20+ 1 for mobile and then the 8 digits? Any suggestions?


----------



## MaidenScotland (Jun 6, 2009)

Are you phoning Cairo or France?


----------



## aykalam (Apr 12, 2010)

MaidenScotland said:


> Are you phoning Cairo or France?


sorry I didn't explaain in my panic, I'm booking online but they require a contact number here, so I'm filling my mobile number in, keeps telling me "The phone number entered does not contain the correct number of digits required for your country - Please modify your entry." arggghhh


----------



## MaidenScotland (Jun 6, 2009)

It will be 0020,


----------



## aykalam (Apr 12, 2010)

MaidenScotland said:


> It will be 0020,


yes, that's pre-filled anyway, but when I add my own mobile #, it rejects


----------



## MaidenScotland (Jun 6, 2009)

aykalam said:


> yes, that's pre-filled anyway, but when I add my own mobile #, it rejects




I dont think you drop the 0 here as you do in the UK


----------



## aykalam (Apr 12, 2010)

MaidenScotland said:


> I dont think you drop the 0 here as you do in the UK


Oh why can anything be straight forward?
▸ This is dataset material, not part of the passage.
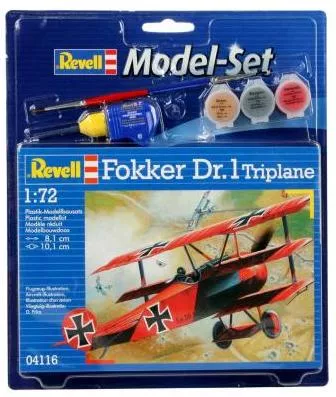 Revell - Model Set Fokker Dr. 1 Triplane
I have tried absolutely every combination! Anyway, panic over, I have entered my mum's number in Spain, that was accepted. Finito. 

thanks for your help :clap2:


----------



## aykalam (Apr 12, 2010)

why did I think it would be over and done with? Of course not, now the blooming card details won't be accepted


----------



## MaidenScotland (Jun 6, 2009)

aykalam said:


> why did I think it would be over and done with? Of course not, now the blooming card details won't be accepted




I can never book a flight from Cairo on line for that very reason, so I usually request it and have it held for 24 hours then just pop down to the local office and then pay with my card. I can book flights from the UK on line no problem plus Amazon.co.uk is on melt down with me buying and sending to Spain.


----------



## aykalam (Apr 12, 2010)

MaidenScotland said:


> I can never book a flight from Cairo on line for that very reason, so I usually request it and have it held for 24 hours then just pop down to the local office and then pay with my card. I can book flights from the UK on line no problem plus Amazon.co.uk is on melt down with me buying and sending to Spain.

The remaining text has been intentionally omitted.